### Task goal
Omit all pictures and transcribe only the lines in the entries below that run from the line with "Photo 7 from" through the line with "图片[55]-#Sayaka Isoyama 磯山沙也加".
[Records provided — start]
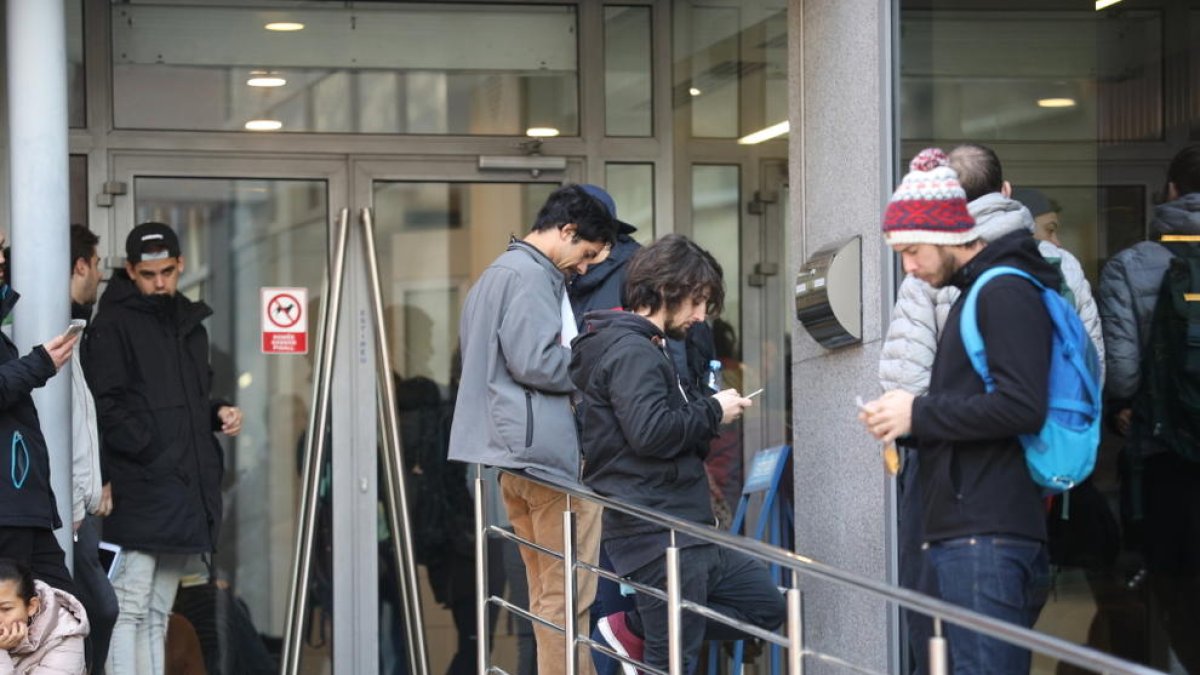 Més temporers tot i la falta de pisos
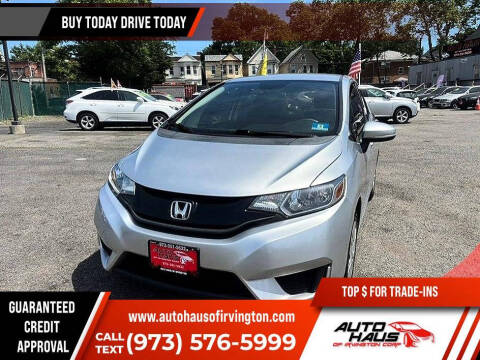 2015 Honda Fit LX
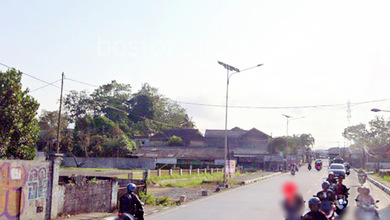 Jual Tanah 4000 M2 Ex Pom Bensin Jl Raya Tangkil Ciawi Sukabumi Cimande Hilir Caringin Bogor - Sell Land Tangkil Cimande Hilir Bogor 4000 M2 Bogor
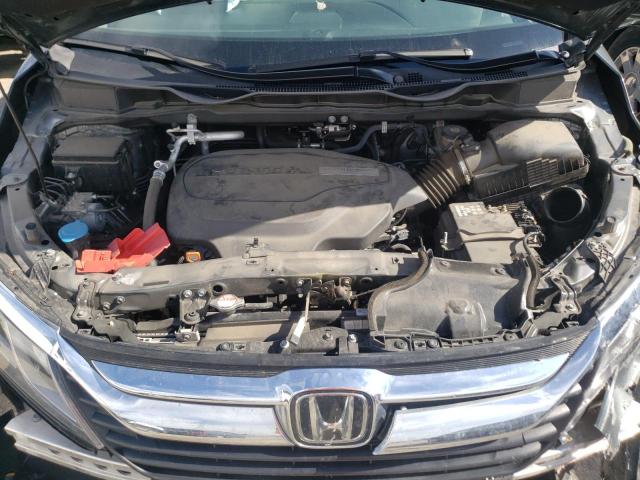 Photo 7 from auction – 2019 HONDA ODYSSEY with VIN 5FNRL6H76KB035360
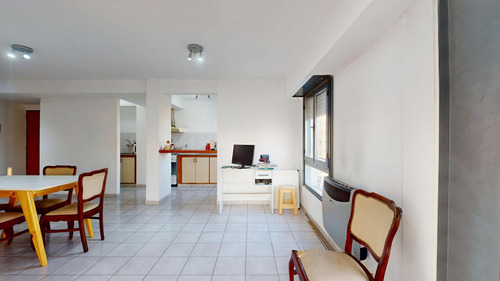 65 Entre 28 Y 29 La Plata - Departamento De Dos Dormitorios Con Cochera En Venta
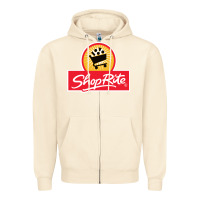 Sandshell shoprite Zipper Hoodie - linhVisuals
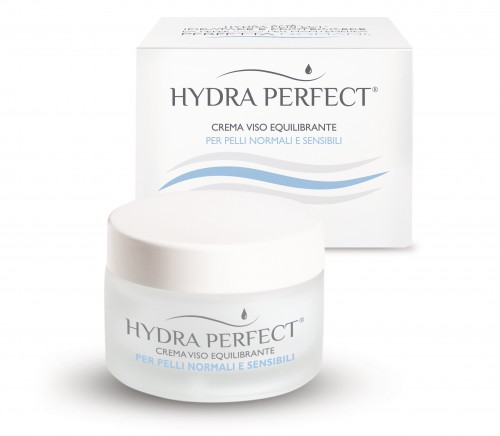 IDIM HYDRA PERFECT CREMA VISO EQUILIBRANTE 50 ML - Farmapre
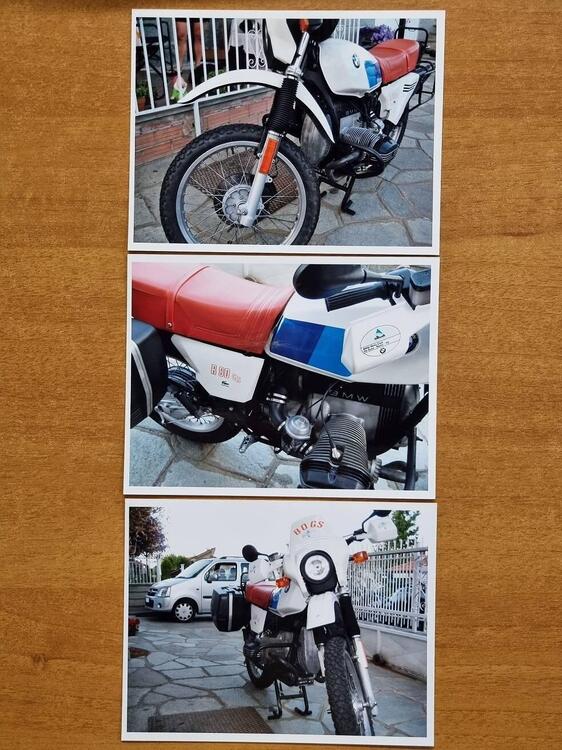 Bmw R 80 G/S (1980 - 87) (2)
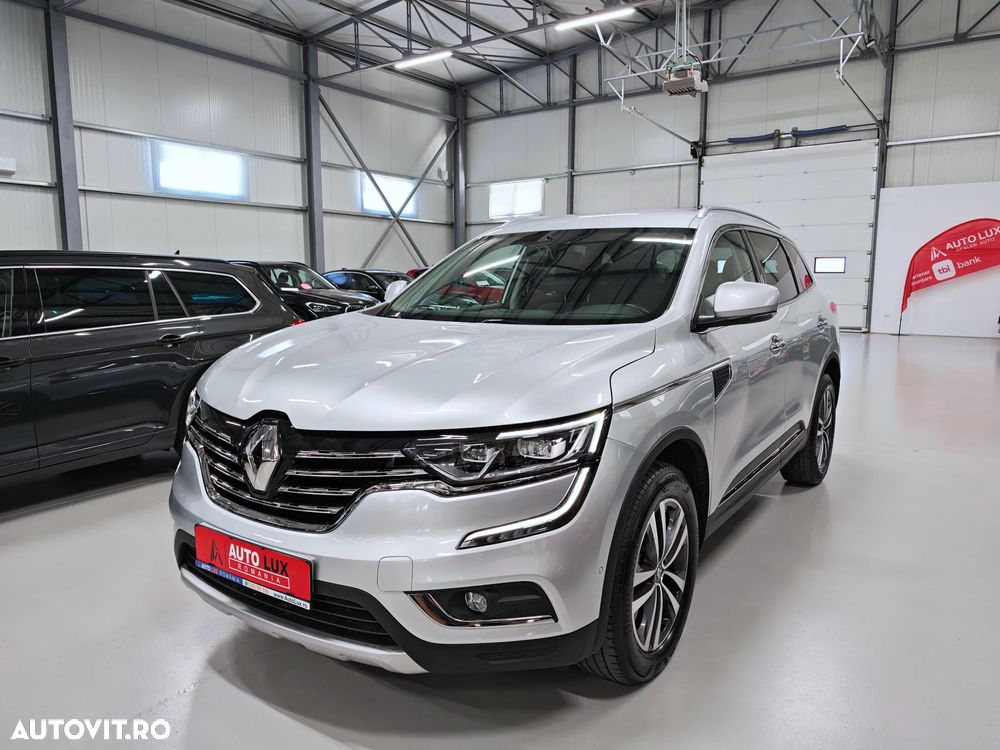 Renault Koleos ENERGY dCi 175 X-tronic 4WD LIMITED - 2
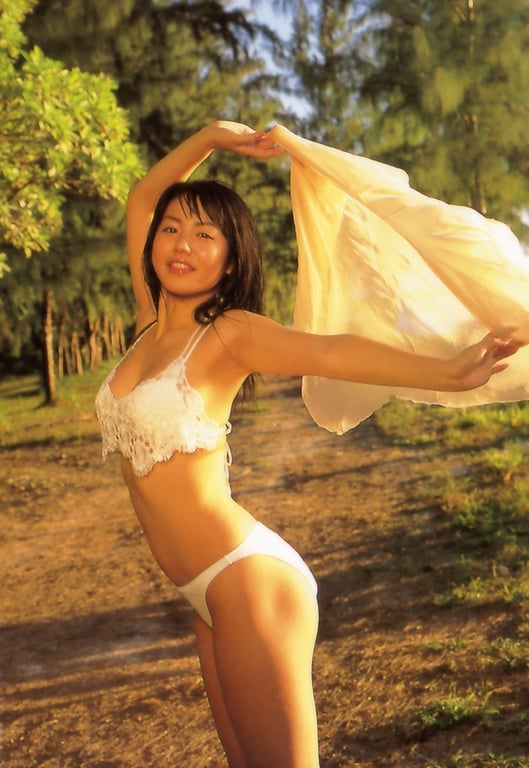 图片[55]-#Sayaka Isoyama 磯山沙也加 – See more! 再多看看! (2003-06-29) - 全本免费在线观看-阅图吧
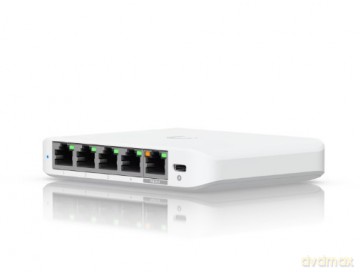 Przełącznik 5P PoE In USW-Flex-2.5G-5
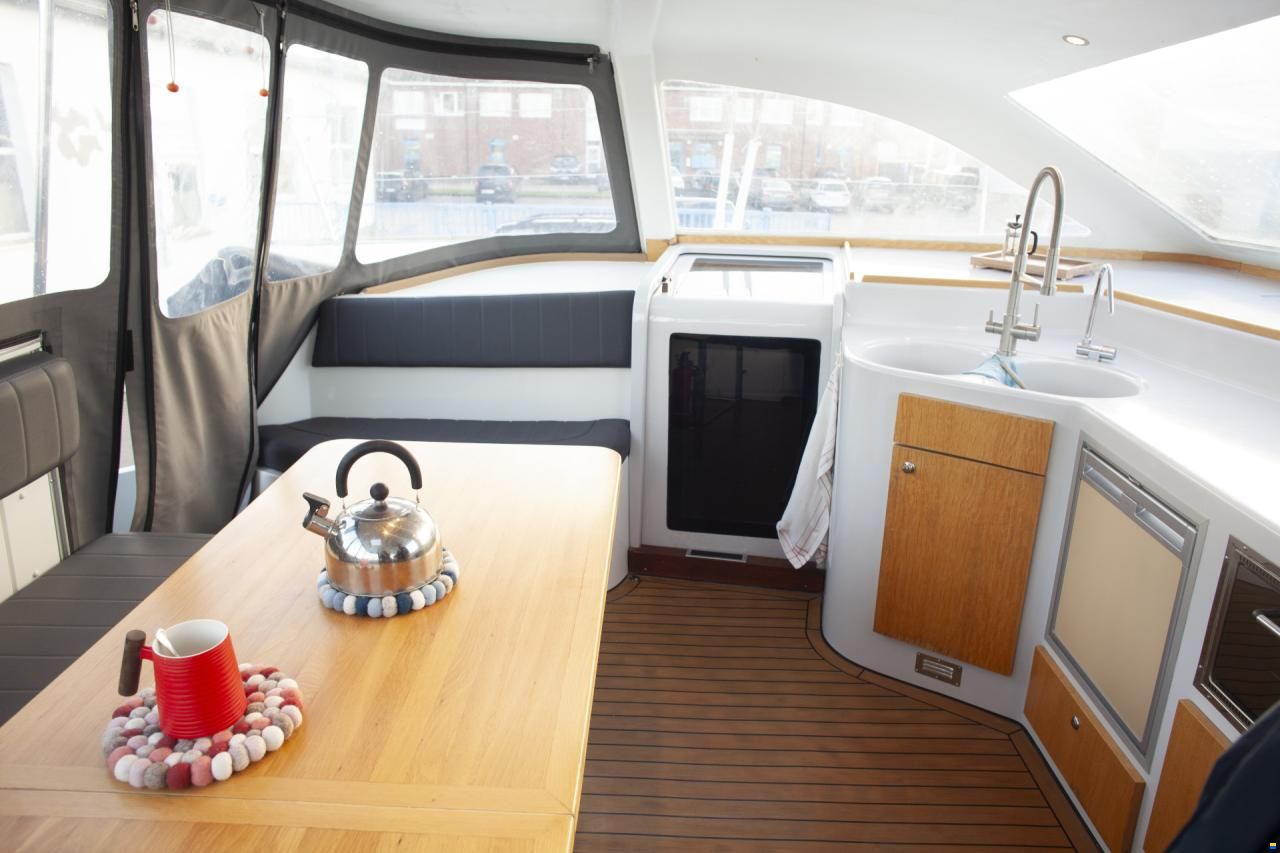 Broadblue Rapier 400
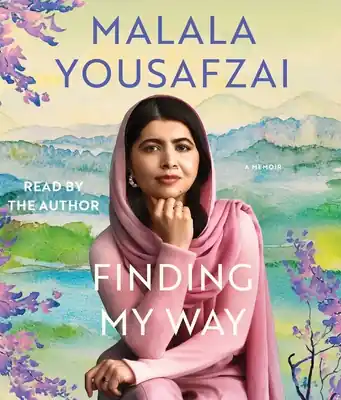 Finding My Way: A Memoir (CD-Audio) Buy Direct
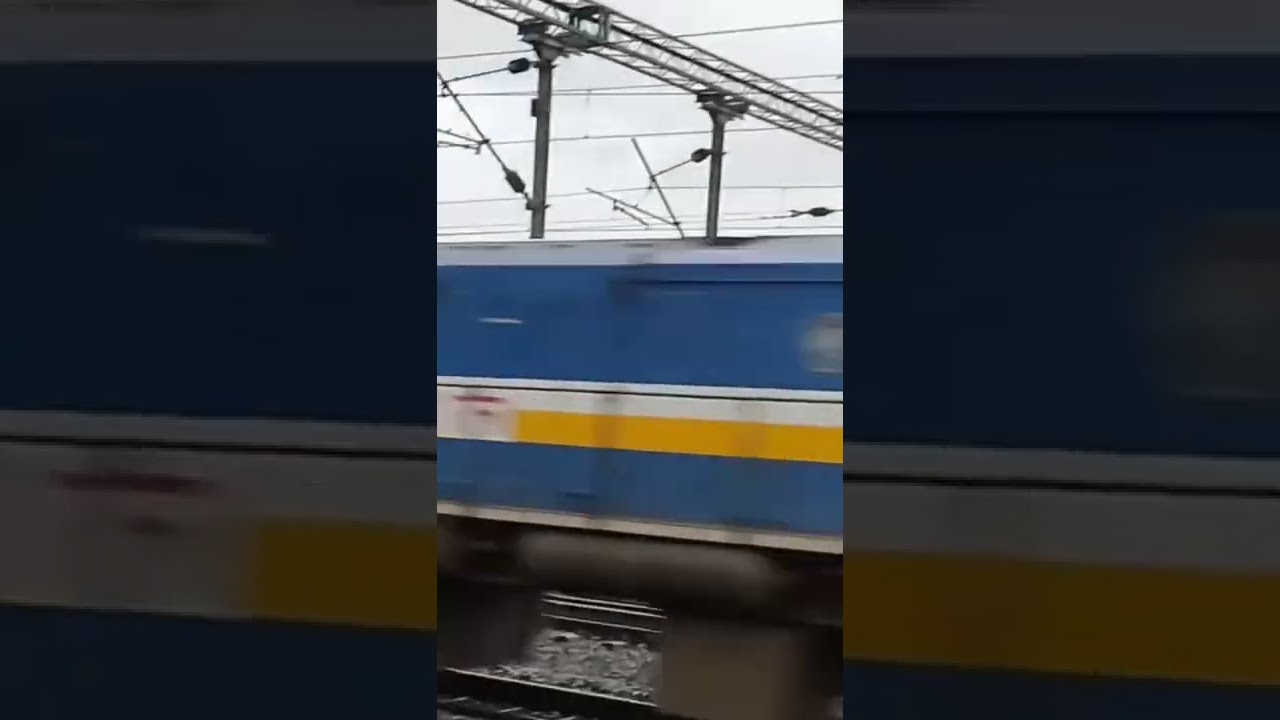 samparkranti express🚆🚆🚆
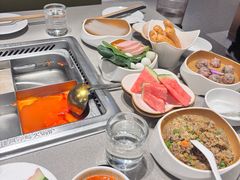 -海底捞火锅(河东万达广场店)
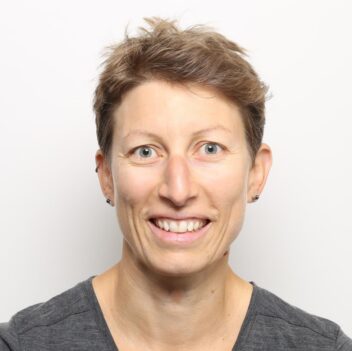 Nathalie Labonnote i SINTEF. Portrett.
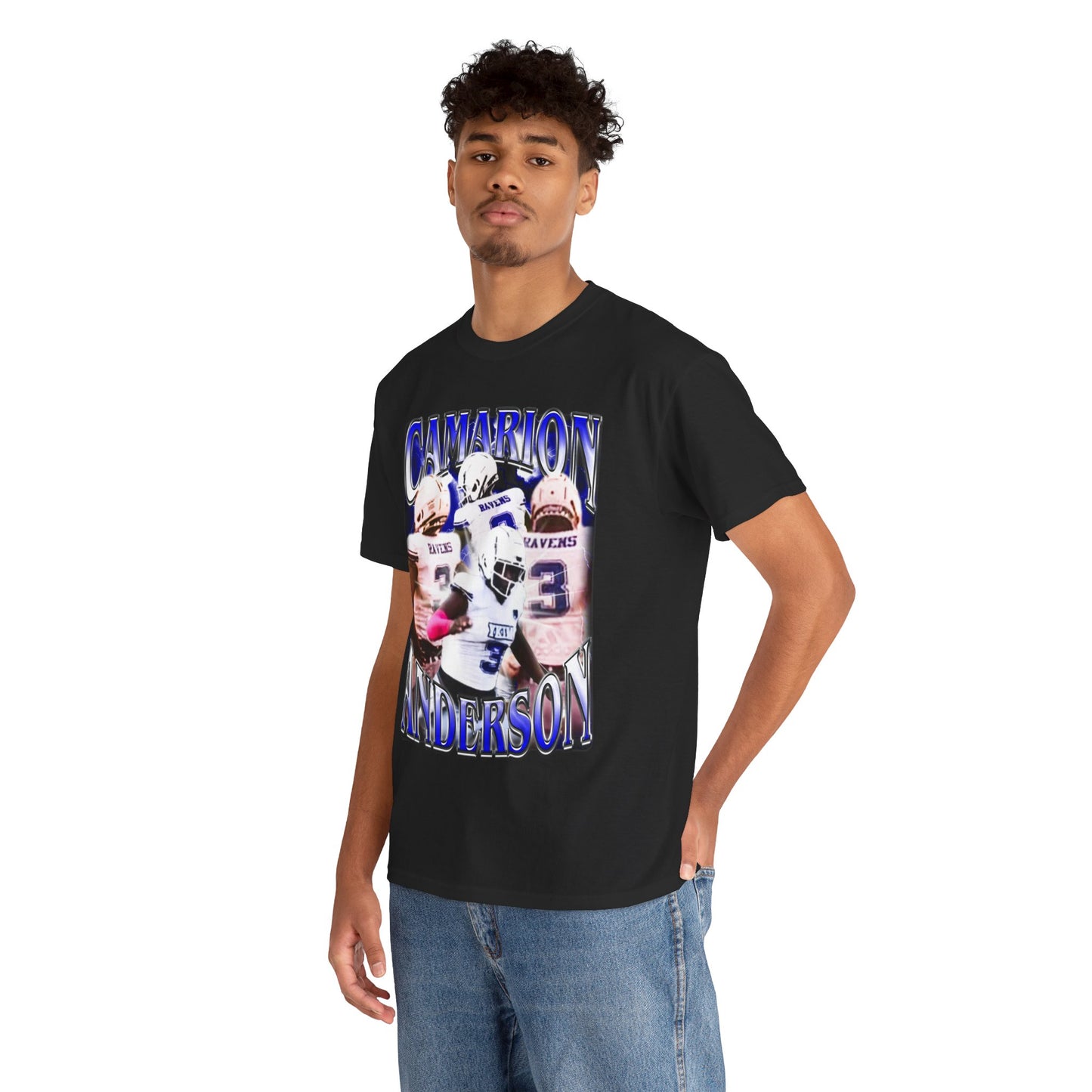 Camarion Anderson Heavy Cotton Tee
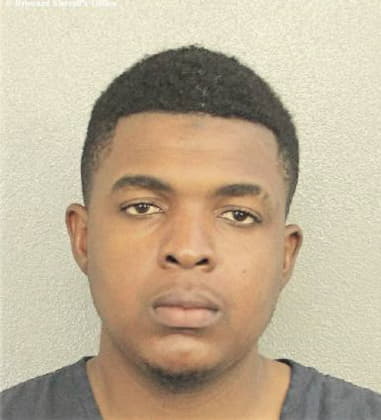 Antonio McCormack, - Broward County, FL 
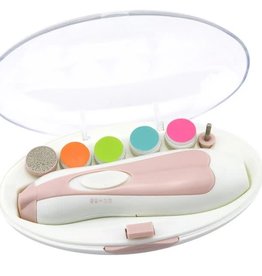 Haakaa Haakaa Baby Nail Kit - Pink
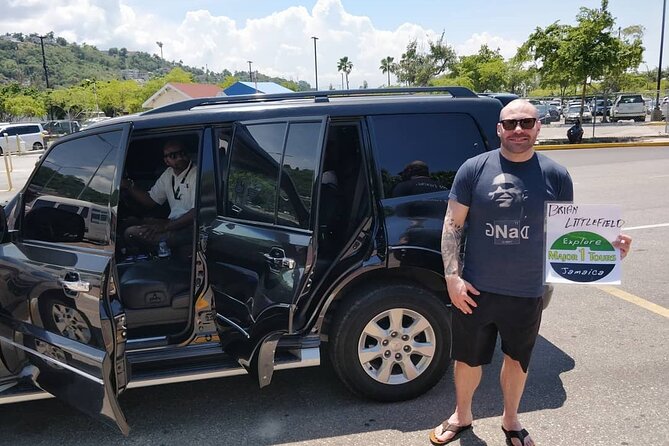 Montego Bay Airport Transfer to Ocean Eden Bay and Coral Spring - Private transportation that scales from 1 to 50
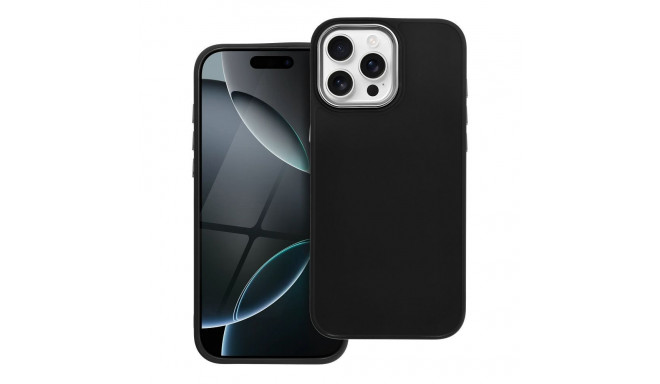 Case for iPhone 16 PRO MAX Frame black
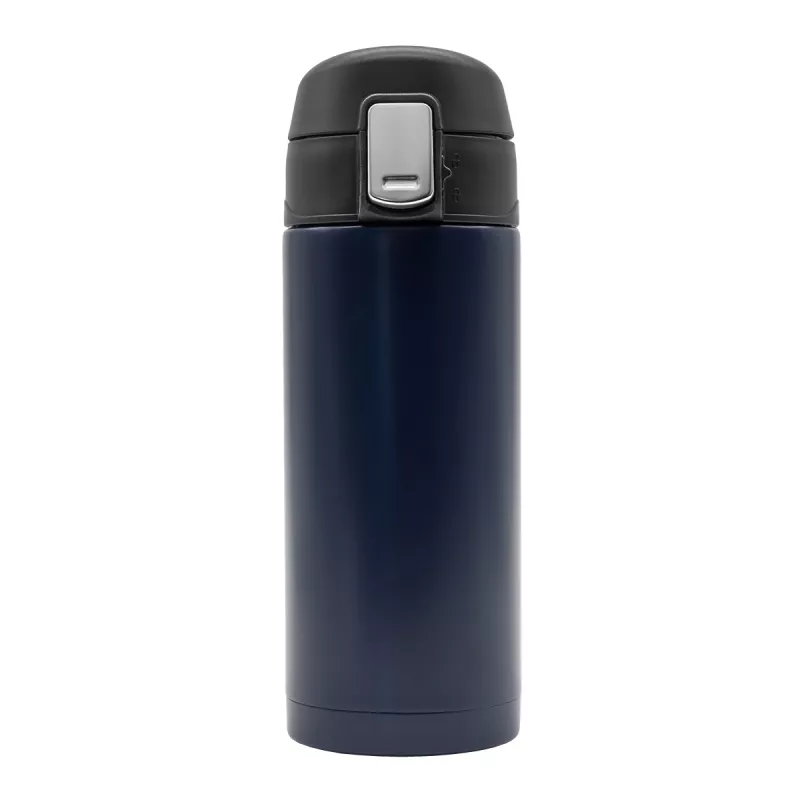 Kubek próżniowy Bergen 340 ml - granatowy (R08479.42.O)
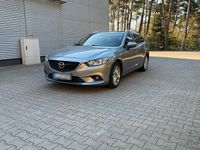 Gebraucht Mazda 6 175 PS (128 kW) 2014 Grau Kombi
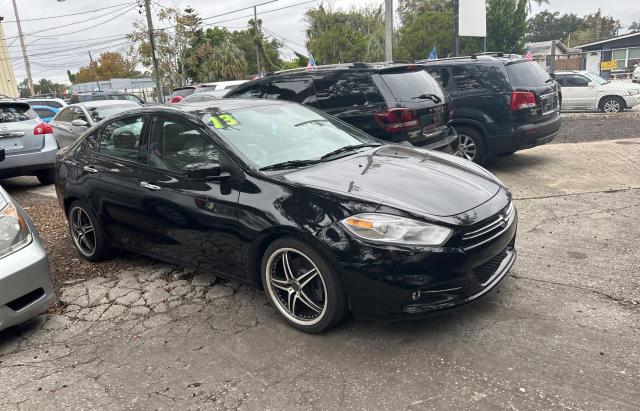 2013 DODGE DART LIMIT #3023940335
[Records provided — finish]
### Worked solution
 Photo 7 from auction – 2019 HONDA ODYSSEY with VIN 5FNRL6H76KB035360
 65 Entre 28 Y 29 La Plata - Departamento De Dos Dormitorios Con Cochera En Venta
 Sandshell shoprite Zipper Hoodie - linhVisuals
 IDIM HYDRA PERFECT CREMA VISO EQUILIBRANTE 50 ML - Farmapre
 Bmw R 80 G/S (1980 - 87) (2)
 Renault Koleos ENERGY dCi 175 X-tronic 4WD LIMITED - 2
 图片[55]-#Sayaka Isoyama 磯山沙也加 – See more! 再多看看! (2003-06-29) - 全本免费在线观看-阅图吧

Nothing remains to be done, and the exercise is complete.